Raw data:
- Opening Delimiter -

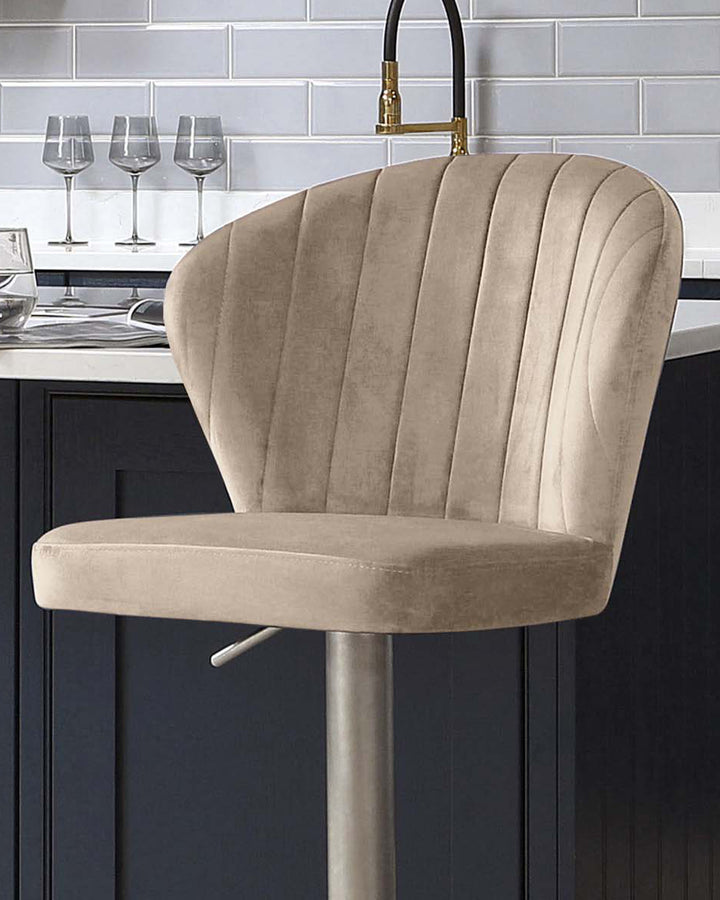 Harper champagne velvet gas lift bar stool with vertical channel back detail and brushed metal base at kitchen island.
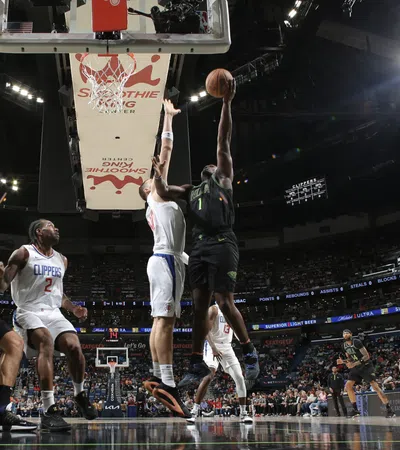a basketball player jumping to dunk a basketball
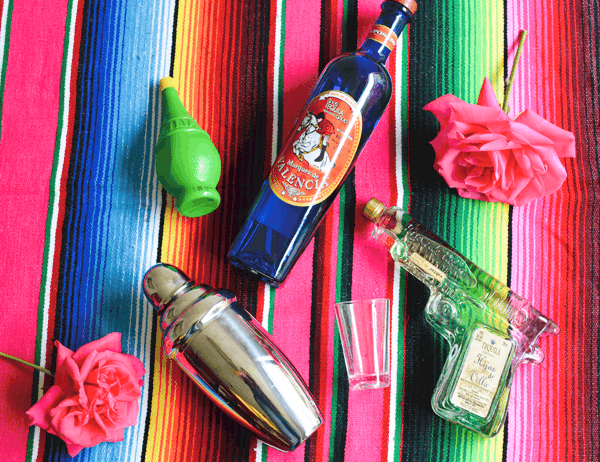 A blue bottle of tequila, a bottle of tequila that looks like a gun, a cocktail shaker, a bottle of lime juice on a striped Mexican blanket. 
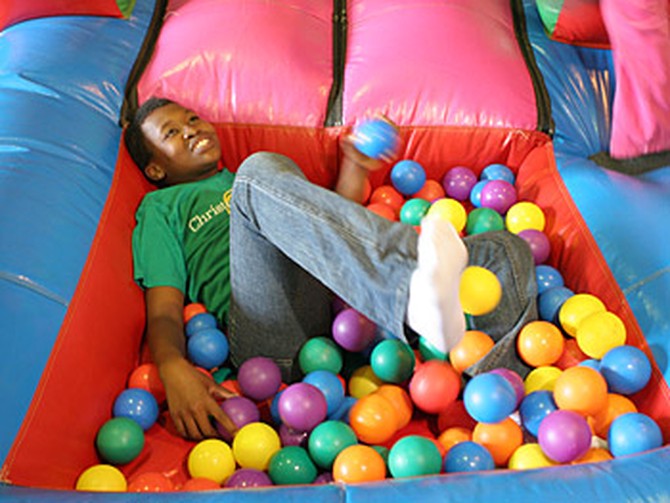 A child enjoys playing at the Christmas carnival.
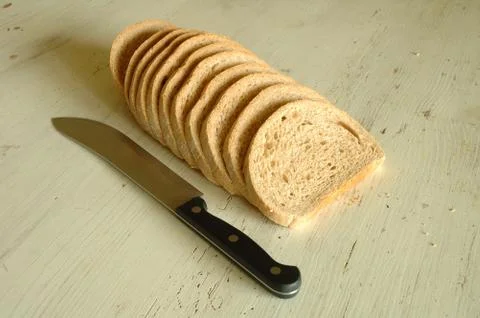 Slices of bread and knife on old wooden table Stock Photos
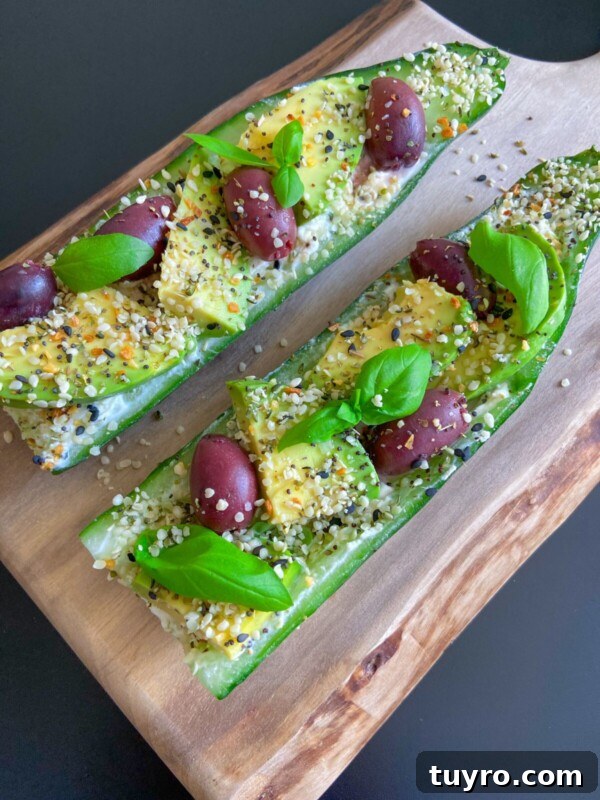 Two Egg Salad Cucumber Boats topped with sliced avocado, Kalamata olives, fresh basil leaves, hemp seeds, and seasoning, served on a wooden board against a dark background.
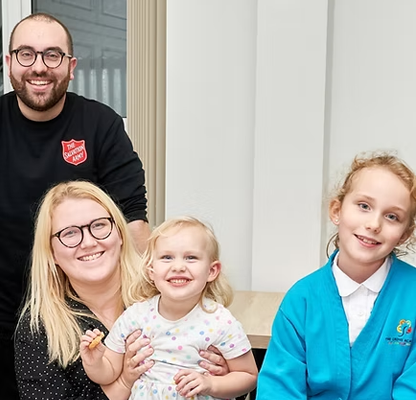 A smiling family in Watford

- Closing Delimiter -

Required action:
Give every record again word for word, pictures excluded.

Response to this task:
 Harper champagne velvet gas lift bar stool with vertical channel back detail and brushed metal base at kitchen island.
a basketball player jumping to dunk a basketball
 A blue bottle of tequila, a bottle of tequila that looks like a gun, a cocktail shaker, a bottle of lime juice on a striped Mexican blanket. 
 A child enjoys playing at the Christmas carnival.
 Slices of bread and knife on old wooden table Stock Photos
 Two Egg Salad Cucumber Boats topped with sliced avocado, Kalamata olives, fresh basil leaves, hemp seeds, and seasoning, served on a wooden board against a dark background.
 A smiling family in Watford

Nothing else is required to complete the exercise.